Early September is the ideal time to delve into a new TV show. It’s that weird lull between the end of summer internships and the return to Evanston when all your friends already have left for college. During the lull, I was flipping through Hulu.com and, at a friend’s suggestion, checked out an episode of “Dorm Life,” the ‘mockumentary’ web series created by former UCLA students that chronicles the ups and downs of the first year of dorm living. The tagline of the show is “This isn’t Real Life. This is Dorm Life.”
It was almost absurdly easy to get addicted to Dorm Life. I admit that I watched both seasons of about 20 five-to-ten minute episodes in a span of 48 hours. Here’s why.
The show’s premise is simple: take the freshman year of college, add the requisite archetypes – the straitlaced mama’s boy, the artsy space cadet, the übercompetitive RA – and throw in webcams and a filming style reminiscent of “The Office.” The result is a funny, bizarre, visceral and at times surprisingly poignant chronicle of freshman year. As a result of its webisode format, the series moves at a clip – the jokes are quick and witty and the plot thickens and becomes interesting pretty fast. It’s simple to get into “Dorm Life” without committing your entire life to a new TV series (although you’ll want to).
You get cozy with this band of residents from 5-South because they’re just like your freshman year floor, just a little more extreme and absurd than you remember. Everyone’s antics aside, you find yourself wanting perfect hipster girl Brittany Wilcox and everyman protagonist Mike Sanders to just hook up and get it over with already. You root for the anal retentive Danny B to work things out with mystery hot girl. You kind of want the hard-partying Shane Reilly to become floor president, even if it will break Steph Schwartzman’s school spirit-filled little heart. The series is marked by the major milestones of freshman year – studying for your midterm in a throwaway distro like ‘Earthquakes,’ taking a road trip during spring break and prepping for the year-end ‘dormal.’
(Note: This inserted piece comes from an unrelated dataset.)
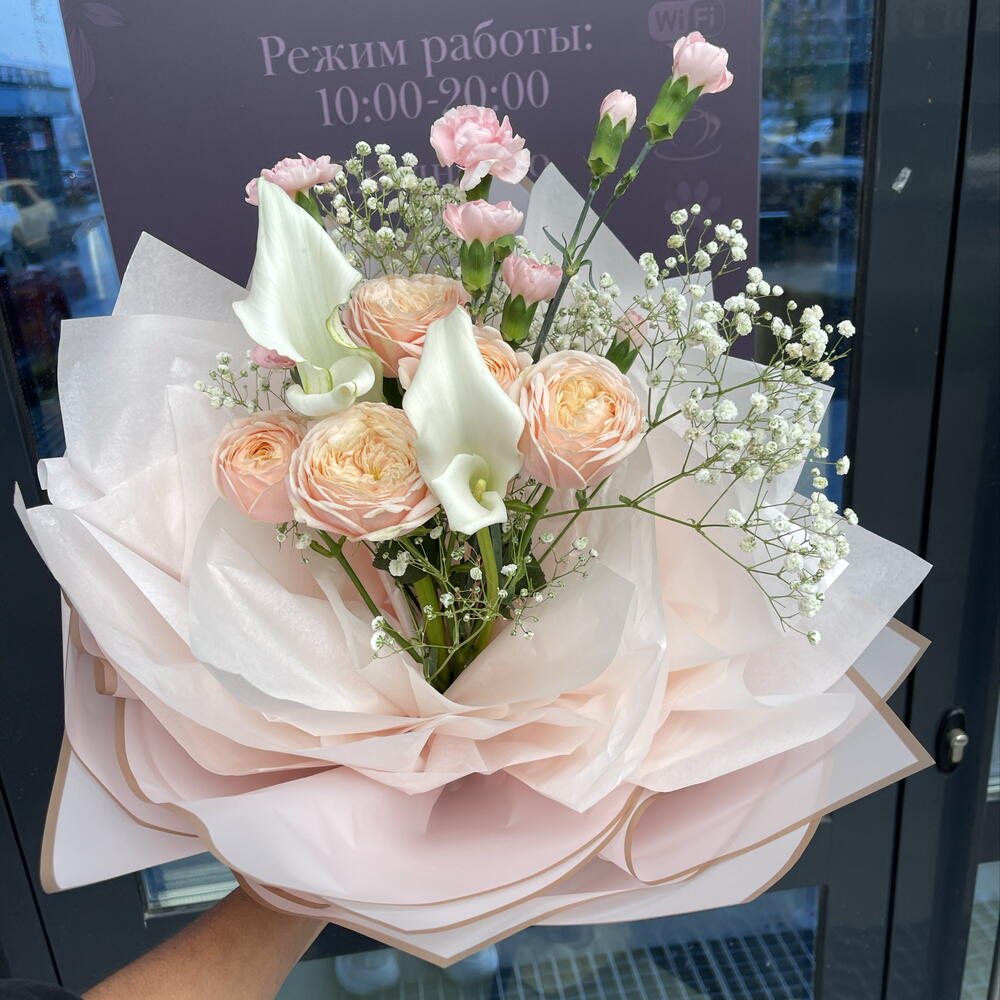 Букет «Роза и Калла»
What’s even better is how hardcore the cast is. They lived in character in a dorm at a Buddhist-founded university outside L.A., hanging out, living life and posting webcam videos to the site during their time there. For fans of “The Office,” even the characters’ knowing glances are familiar; the dorm lifers seem hyper-aware of the camera crew that has seemingly unfettered access to their lives. It’s an addictive combination of the familiar and the unfamiliar, a jumble of stuff you remember and things you probably tried to forget from your freshman experience. “Dorm Life,” in all its glory, might be a good guide for freshmen about what to do (or not do) their first year and how to learn to love the hodgepodge crew of kids who live around them.